Forgery detection is one of the challenging problems in the digital image era. The mainstream techniques for digital image forgery detection have two main limitations: accuracy/robustness for both JPEG and TIFF image formats and time complexity. Some methods are not very accurate to both copy-move forgery and spliced images, and most of the work focused only on JPEG image formats. Digital image forgery detection tools should not be limited to any image format and specific forgery. It should also be able to detect the tempered regions on other formats like JPEG and TIFF images. Recently, deep learning has shown substantial progress in different image processing fields. In this paper, we proposed a deep learning-based image forgery detection using multiple structures SAE and deep features extracted from pre-trained CNN networks including AlexNet and VGG16 models. The results with two autoencoders and AlexNet features are dominant over all other architectures; it achieved 95.9% accuracy for JPEG images and 93.3% for TIFF images. The reason we concluded is that, if the autoencoder is deeper then it alters the visual features, and the original representations get it wrong. Secondly, the AlexNet uses a different size of filters which extract local and global representations in image as compared to VGG16, which applies small filters throughout its network. Finally, for forged and authentic classification it achieved better performance using the ESD. Furthermore, our approach resolved the time complexity issue, and we only performed the classification task, which can be extended to localize forged locations in the image and achieve less fallout value which is also the main issue in image forgery detection.


Not applicable.

Author’s Contributions

Conceptualization, SB. Funding acquisition, SWB. Investigation and methodology, SB, IUH, AU. Supervision, AA, SWB. Writing of the original draft, SB. Writing of the review and editing, SWB, AU. Validation, AU, SB. Visualization, IUH.

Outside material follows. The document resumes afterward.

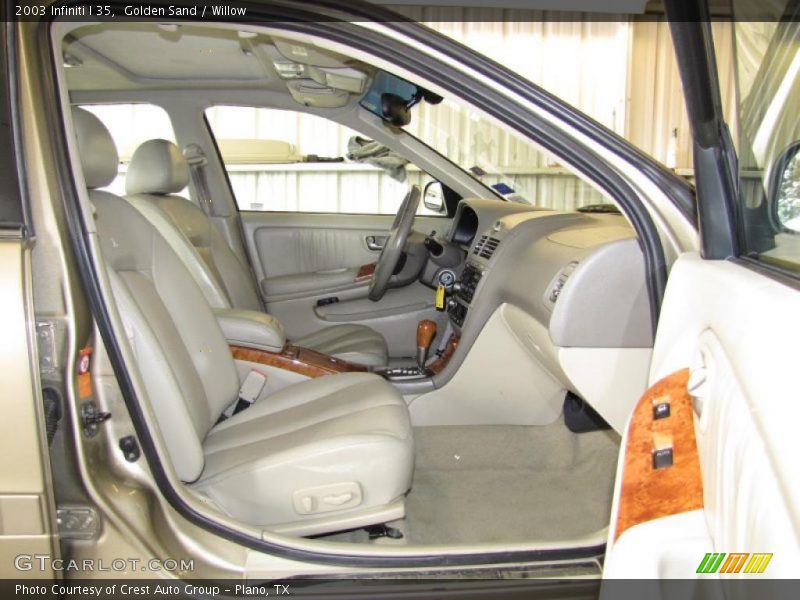  2003 I 35 Willow Interior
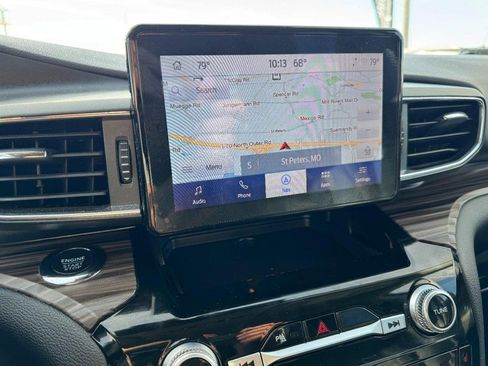 Used 2023 Ford Explorer Limited image 23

This work is supported by the Institute for Information &Communication Technology Planning & Evaluation(IITP) funded by the Ministry of Science and ICT(MSIT, Korea) (No. 1711126258, Development of data augmentation technology by using heterogeneous data and external data integration).

Competing Interests

The authors declare that they have no competing interests.

Author bios

Sumaira Bibi received the MS degree in computer science from International Islamic University Islamabad, Pakistan in 2020.Her major research focus is on forgery detection, image and video analytics, machine learning and deep learning for multimedia understanding.

Almas Abbasi received the Ph.D. degree in computer science from the School of Computer Science and Information Technology, University of Malaya, Kuala Lumpur, Malaysia. She is currently an Assistant Professor with the Department of Computer Science and Software Engineering, International Islamic University, Islamabad, Pakistan. Her current research interests include image processing, information hiding, and mobile applications.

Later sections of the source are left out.